Friday, April 4, 2008

Tomato plant secrets

My neighbour came over last week and told me a "little secret" that her Italian tomato-growing friend had shared with her. When his tomatoes have their second set of leaves, he replants them up to their "shoulders". He told her it makes for a stronger, hardier plant. I often plant a large portion of the tomato stem horizontally when I put it out in the garden but I had never heard of re-potting them when they are so young. I was looking through another gardening book yesterday and the author mentioned transplanting tomatoes twice; then he still plants the stem horizontally in the garden.

So, since mine were looking pretty spindly anyway, I am giving it a try. I re-potted some yesterday and will see how they do. E planted some watermelon seeds indoors and also some ornamental milkweed. The crocus are blooming in the backyard now and the whole front yard smells of violets.

Some Spring in the garden quotes:

Spring makes its own statement, so loud and clear that the gardener seems to be only one of the instruments, not the composer. ~Geoffrey B. Charlesworth

In the spring, at the end of the day, you should smell like dirt. ~Margaret Atwood

And since I have been collecting mulch to do more Ruth Stout-ing in my garden.

I love spring anywhere, but if I could choose I would always greet it in a garden. ~Ruth Stout

And this last one, my sentiments exactly.

I think that no matter how old or infirm I may become, I will always plant a large garden in the spring. Who can resist the feelings of hope and joy that one gets from participating in nature's rebirth? ~Edward Giobbi


Anonymous said...

Hey Heather,

Speaking from a bit of experience here, I grew lots of tomatoes(300 or more!!) from seed when I had my organic market garden, 4 years back. It would not be unusual for me to repot 3 to 4 times before they were planted out. I always had big blocky plants growing in 5 inch pots for the garden.

Just this year, (thanks to you, for inspiring me), I am once again having a garden, (just for us though). I have young seedlings that look like yours and I am planning their first potting up this weekend. Once they outgrow these new pots, I will again pot up. Each time burying the stem more.

Thanks so much for sharing your love of gardening. It is such an inspiration to me and I find I am once again excited about the whole process!!


Heather said...

Hi Sandi
Thanks so much for commenting about the tomatoes. I remember you telling me once (years ago, I think at the BMX track) that you used to have a market garden. I would love that. Now that I've heard it from you too, I will go ahead and do all my tomatoes that way. I was thinking that I might start watering them with some nettle tea sometimes - I've read that this is very good for plant health.

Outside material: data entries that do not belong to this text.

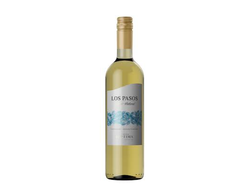 los pasos vino natural 750ml c aja x6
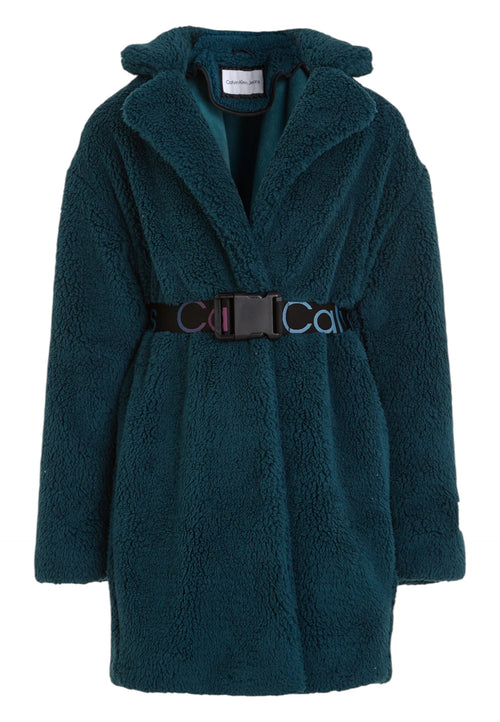 calvin klein Pelliccia Bambina Calvin Klein da bambino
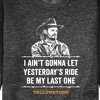Men's - Yellowstone - Kayce Yesterdays Ride Graphic Fleece Sweatshirt - 2 of 4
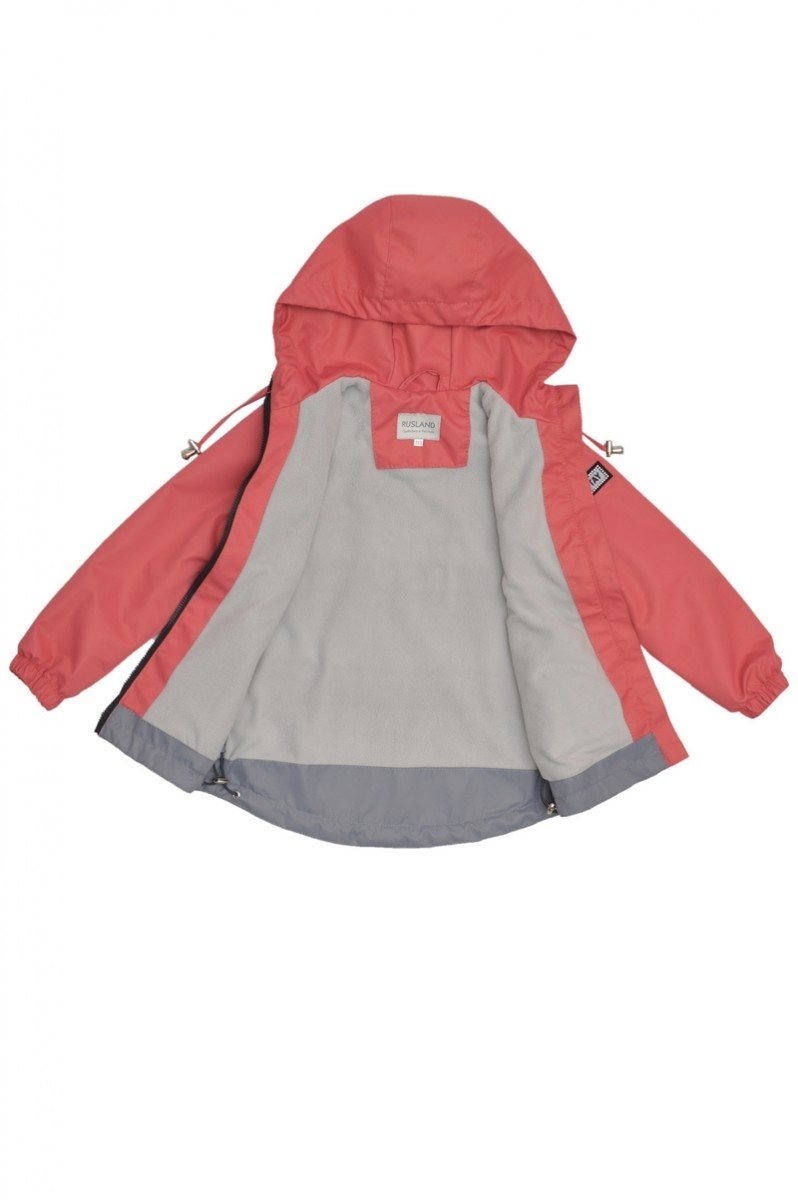 ветровка на флисе,ветровка для девочек,мятная куртка для девочек,ветровка,куртка демисезонная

I'm glad to hear that you will be gardening this year too. It really is exciting, isn't it. I will hope to see you at a knitting night sometime soon so that we can talk garden. :-)

Samantha said...

Help! Where is the tomatoes shoulders?
Mine are smaller then yours but I have hope :-)

Heather said...

Samantha - right up to almost where the leaves are. Imagine the leaves as the head and then go down a bit to where you think shoulders would be. Some of mine are even smaller too, yours will be fine by planting time, I'm sure.

Anonymous said...

I'm going to do this too. Did you buy starter plants, or did you start from seed?